Historisch hält sich das Stück sowieso nicht immer an alle Tatsachen, aber das muss es auch nicht – aus dem Text, den Intentionen und den Anspielungen lassen sich so viele Motive herausarbeiten, dass sie jeglichen Umfang sprengen würden. Regisseurin Tina Lanik versucht, möglichst viele Elemente bildlich umzusetzen und noch mehr Interpretationsspielraum zu geben. Das sprengt zwar, auch anhand der schnellen und wechselnden Inszenierung, ebenso oft den Rahmen, macht es hier aber zugleich unfassbar spannend. Wenn der fantastische Michele Cuciuffo als Ausrufer zum abschließenden Hip-Hop-Storytelling über die Zeit nach der Französischen Revolution übergeht, mag das für manche Besucher vielleicht zu modern sein, zählt aber zu den absoluten Highlights, zudem die Verwirklichung mehr als gelungen ist. Die Bühne selbst?

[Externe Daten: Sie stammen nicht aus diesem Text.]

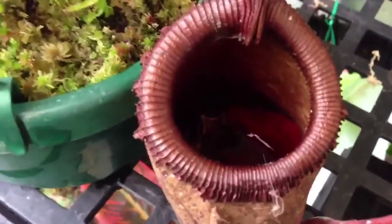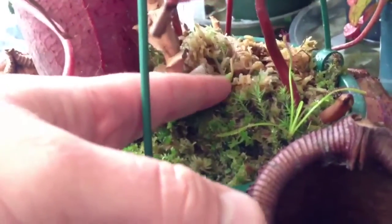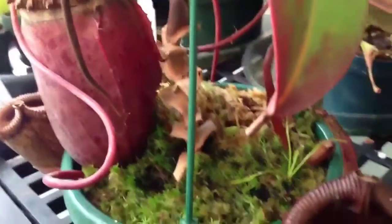I was just bringing this pitcher plant out to show you guys that it's got a whole bunch of new pitchers coming, and it even has a new basal shoot coming out of the moss here, so there will be a secondary shoot this year.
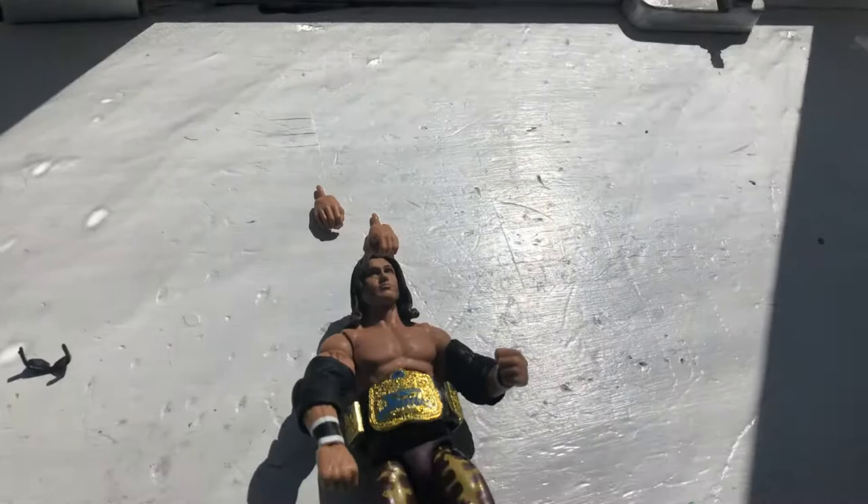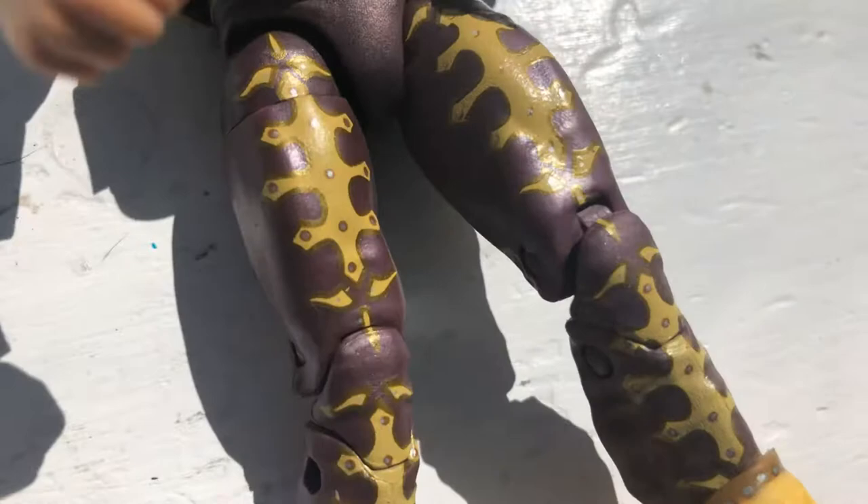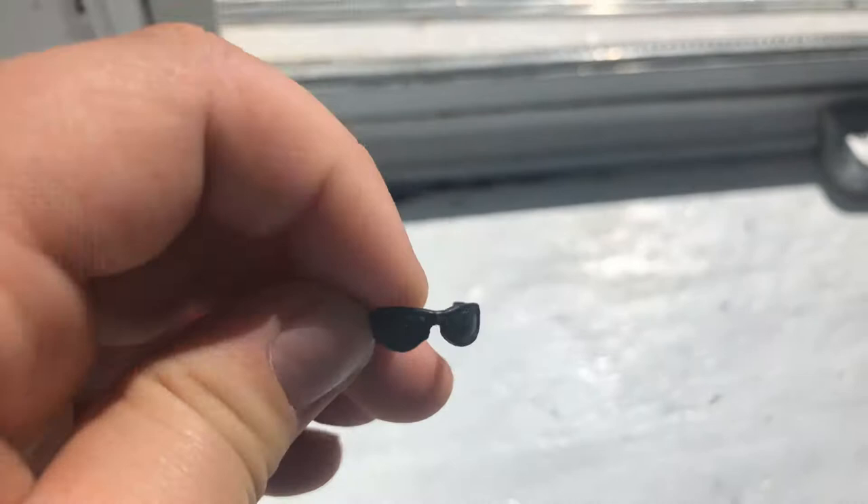So we have him. We have the elbow pads right here, the cross pants, and the glasses. And then of course we have that rotation in like the thigh area. Overall it's great — no paint chips. It's just overall an amazing figure.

In Orange und Blau gehalten, gelegentlich blitzt unbemaltes Holz durch. Letztendlich eine hellere Version der französischen Flagge, die sich durch das gesamte, sich drehende Bühnenbild zieht – und quasi im Minutentakt mit Blut verdreckt wird. Die Revolution ist schmutzig. Auch als Theaterstück in einer Psychiatrie.

© Matthias Horn

Beide Akteure im Fokus: Jean Paul Marat und Marquis de Sade. Der eine athletisch, jung, dynamisch, für das Wohl aller und dafür zum Kämpfen nicht nur bereit, sondern zur kompletten, eigenen Zerstörung. Der andere alt, träge, adipös, zwar gedanklich im Philosophieren, aber nur am Wohl des Einzelnen, also sich selbst, interessiert. Nils Strunk als Marat und Charlotte Schwab als de Sade brillieren als dermaßen ungleiches Duo so gut wie lange niemand mehr auf einer Bühne. Strunk, der bereits die Titelpartie in „Don Karlos“ übernehmen durfte, spielt sich krank, leidvoll und durchgehend blutverschmiert durch die Rolle des Widerstandshelden – Schwab dagegen schleppt sich träge mit amüsanten Wohlstandsbauch von Ort zu Ort und will mit philosophischer Phrasendrescherei für das Individualistische sprechen. Spannend vor allem dann, wenn man sich mit dem kontroversen Werk des historischen de Sade auseinandersetzt, das zu gar keinen Lobeshymnen und regelmäßigen Psychiatrie-Aufenthalten führte. Die fiktiven Dialoge mit ulkiger Auspeitsch-Szene steigern sich gegenseitig – und sind noch lange nicht die ganz großen Höhepunkte des Abends.
Ein wenig unter geht die Gegenposition der Charlotte Corday, der Mörderin von Marat. Sie duelliert sich als Adlige dennoch mit ihren Eidgenossen, genauso aber eben auch mit u.a. Marat, indem sie sich gegenseitig übertrumpfen wollen: „Ich bin die Revolution!“ Wer am Ende blutig über das Leben (und nur über das) gewinnt, ist Geschichte.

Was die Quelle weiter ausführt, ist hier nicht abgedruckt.